Dataset items
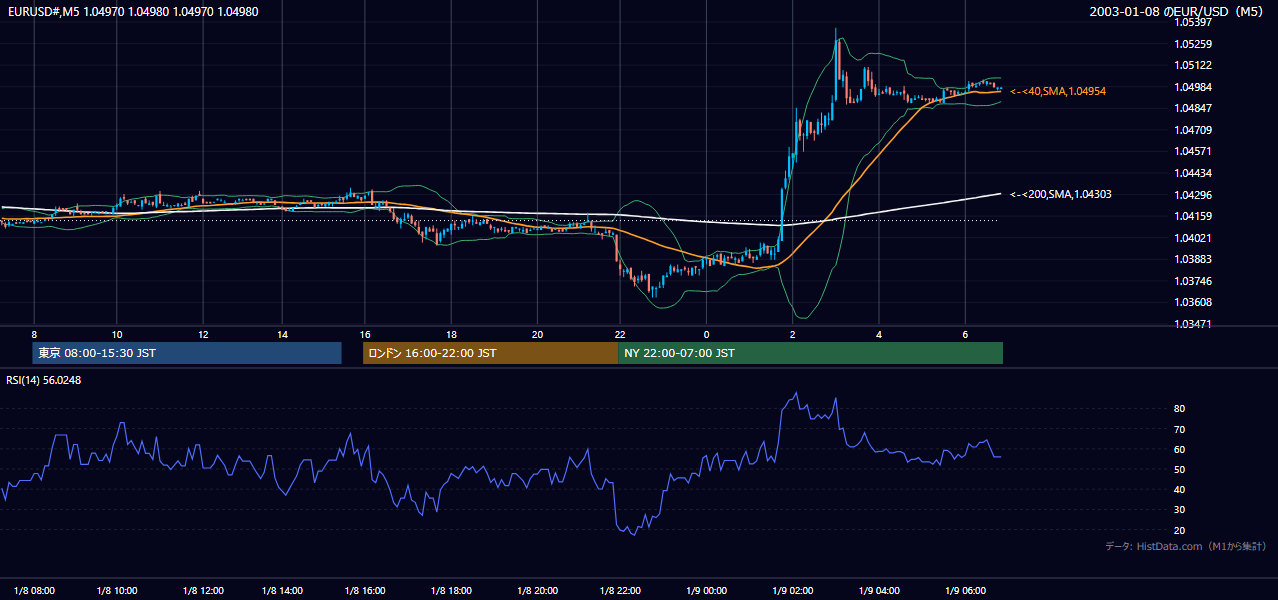 2003年1月8日（水） EUR/USD 5分足チャート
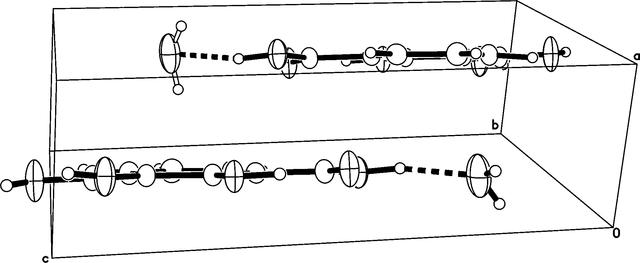 [Figure 2]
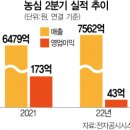 농심청도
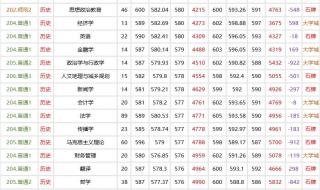 华南师范大学分数线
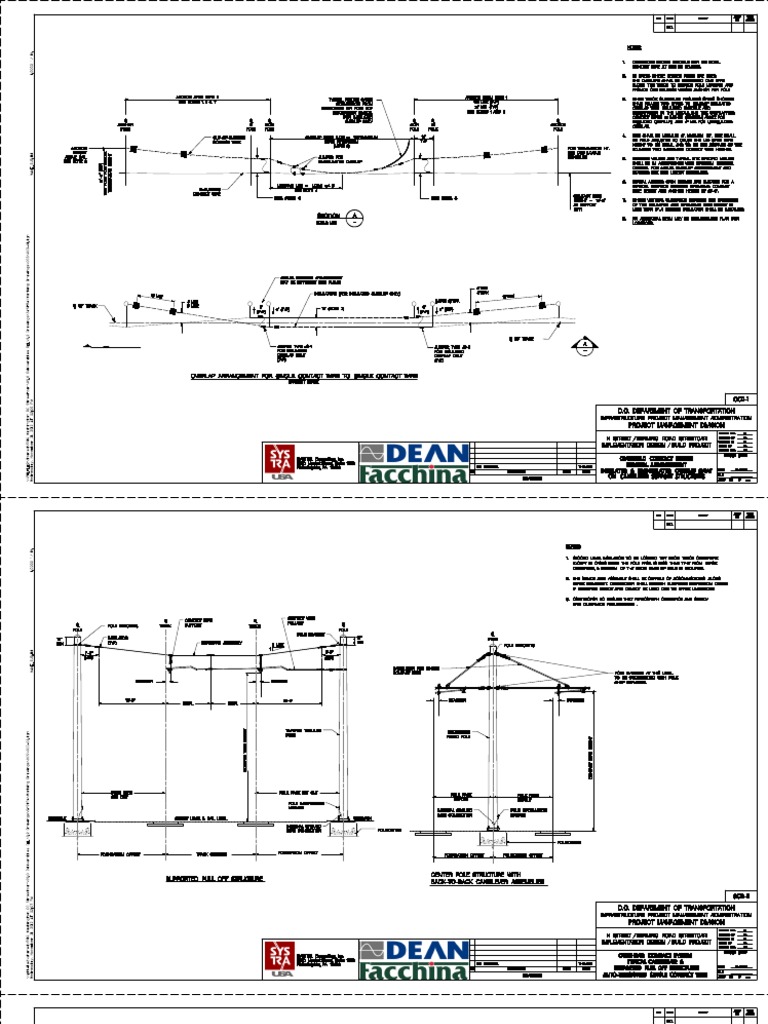 18 Ocs General Assemblies Overlap | PDF | Electric Power | Electricity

Action item:
Copy every record exactly; no pictures.

Finished task:
 2003年1月8日（水） EUR/USD 5分足チャート
 [Figure 2]
 농심청도
 华南师范大学分数线
 18 Ocs General Assemblies Overlap | PDF | Electric Power | Electricity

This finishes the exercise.